In Chapter 3: How We Undercut Workers, Desmond examines exploitation by corporations, which, he argues, have succeeded in lowering wages for workers over the past 50 years, while simultaneously destroying both employment stability and mobility. These actions allow affluent people to enjoy low prices and the increasing value of stock investments. Desmond uses the story of Julio as an example of how a low minimum wage forces workers into life-limiting overwork. While some argue that raising the minimum wage would increase unemployment, when New Jersey raised the minimum wage and neighboring Pennsylvania did not, employment rates at fast food restaurants remained the same in both states. These results show that raising the minimum wage did not affect employment rates. Workers have also lost power due to the decline in labor unions, leaving workers unable to bargain communally. In recent years, corporations have come to increasingly employ workers as contract employees, either through staffing agencies that pay poorly or as gig workers with no job security. Even entry-level employees are often subject to noncompete agreements, limiting their ability to find better wages with another company.  

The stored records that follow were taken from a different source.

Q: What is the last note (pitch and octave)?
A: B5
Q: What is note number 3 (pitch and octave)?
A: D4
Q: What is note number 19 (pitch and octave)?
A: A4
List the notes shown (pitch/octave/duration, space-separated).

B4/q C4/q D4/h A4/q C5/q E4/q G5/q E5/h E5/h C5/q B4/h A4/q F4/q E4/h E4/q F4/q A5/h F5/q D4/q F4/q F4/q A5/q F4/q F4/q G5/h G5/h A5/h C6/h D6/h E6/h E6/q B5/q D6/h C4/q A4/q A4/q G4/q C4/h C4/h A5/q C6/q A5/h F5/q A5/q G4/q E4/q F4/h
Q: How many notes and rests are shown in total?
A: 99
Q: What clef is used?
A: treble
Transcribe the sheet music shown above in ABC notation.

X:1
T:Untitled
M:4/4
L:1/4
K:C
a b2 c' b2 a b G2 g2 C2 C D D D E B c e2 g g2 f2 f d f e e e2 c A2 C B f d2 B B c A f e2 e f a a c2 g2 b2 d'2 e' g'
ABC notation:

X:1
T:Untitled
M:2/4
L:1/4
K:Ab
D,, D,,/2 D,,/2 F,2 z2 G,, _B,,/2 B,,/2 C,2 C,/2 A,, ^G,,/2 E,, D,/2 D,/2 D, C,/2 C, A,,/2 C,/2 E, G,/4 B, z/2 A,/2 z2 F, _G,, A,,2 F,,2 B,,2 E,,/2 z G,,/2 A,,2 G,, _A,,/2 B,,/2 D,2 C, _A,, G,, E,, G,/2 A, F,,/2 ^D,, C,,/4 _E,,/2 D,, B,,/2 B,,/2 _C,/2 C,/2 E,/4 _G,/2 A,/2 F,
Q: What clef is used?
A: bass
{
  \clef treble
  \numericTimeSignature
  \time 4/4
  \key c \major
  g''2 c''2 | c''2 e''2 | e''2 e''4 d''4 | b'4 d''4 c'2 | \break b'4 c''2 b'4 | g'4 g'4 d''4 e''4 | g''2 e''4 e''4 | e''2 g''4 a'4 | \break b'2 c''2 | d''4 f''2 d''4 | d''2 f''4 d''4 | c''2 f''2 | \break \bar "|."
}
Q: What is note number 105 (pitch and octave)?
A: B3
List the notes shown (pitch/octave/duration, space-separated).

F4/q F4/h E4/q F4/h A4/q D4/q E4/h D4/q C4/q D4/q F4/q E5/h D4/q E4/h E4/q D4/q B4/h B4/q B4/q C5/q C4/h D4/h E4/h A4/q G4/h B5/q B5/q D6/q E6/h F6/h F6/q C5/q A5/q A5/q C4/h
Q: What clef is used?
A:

Chapter 4: How We Force the Poor to Pay More analyzes the housing market—another example of a system that contributes to the wealth of affluent people while draining the resources of the poor. For affluent people, housing is a common means of creating wealth. Homeownership is seen as an investment, as homeowners expect the value of their homes to rise, and they thus favor policies that make that more likely. The increase in an affluent family’s home value often provides money for younger generations to make down payments on their own homes, a form of intergenerational wealth. In addition, affluent people often earn money as the landlords of rental properties inhabited by poor people. The rising value of property makes affluent people more wealthy, but that value depends on exploiting poor people, Desmond argues. Thorough analysis of the income and expenses associated with rental properties shows that rentals in low-income areas produce higher profits for landlords than those in middle- and upper-income areas. Desmond asserts that these profits are acquired at the expense of poor people.

Read an explanation of a key quote from Chapter 4.

Rental housing is frequently exploitative for poor people, but homeownership is often impossible, Desmond argues, because of exploitation by the banking sector. In many areas, the cost of rent is equal to or even higher than the monthly mortgage payment for an equivalent property. When it comes to lending for real estate, banks often refuse to issue mortgages for properties in low-income areas, as loans on cheap properties tend not to bring in high profits. Conventional banks also exclude poor customers in other ways, such as only opening branches in affluent areas, which creates banking deserts in poorer neighborhoods. Banking fee structures put an undue burden on people living on marginal incomes; for instance, charging fees on accounts that do not meet minimum balance requirements and charging high penalties for overdrafts. Federal law limits the interest rates conventional banks can charge for loans. However, payday lenders, the shadow banking system that proliferates in many low-income areas, are not bound by these laws. In the absence of conventional banks, Desmond asserts that many poor people are forced to rely on these predatory institutions to gain the credit needed to afford necessities in an environment of housing and employment instability.

Read a key quote about how the wealthy benefit from tax codes.

Through tax structures and public goods and services, the government also favors the affluent at the expense of the poor. It’s commonly imagined that poor people receive more in benefits from the government than they contribute. However, while people living below the poverty line benefit from social welfare programs, Desmond argues that affluent people receive government support as well. Support for the wealthy comes in the form of tax breaks tailored to favor them, including mortgage interest deductions and benefits related to college savings plans. People may not see tax breaks as morally equivalent to welfare benefits, but both systems take money from the nation’s shared resources and award it to individuals. To lower their tax burden further, affluent people tend to favor policies that reduce spending on public goods and services, such as schools, transportation, and parks. When affluent people can afford to create private versions of public goods, the public versions tend to become underfunded. As underfunded services degrade in quality, more affluent people abandon them, which only accelerates the problem.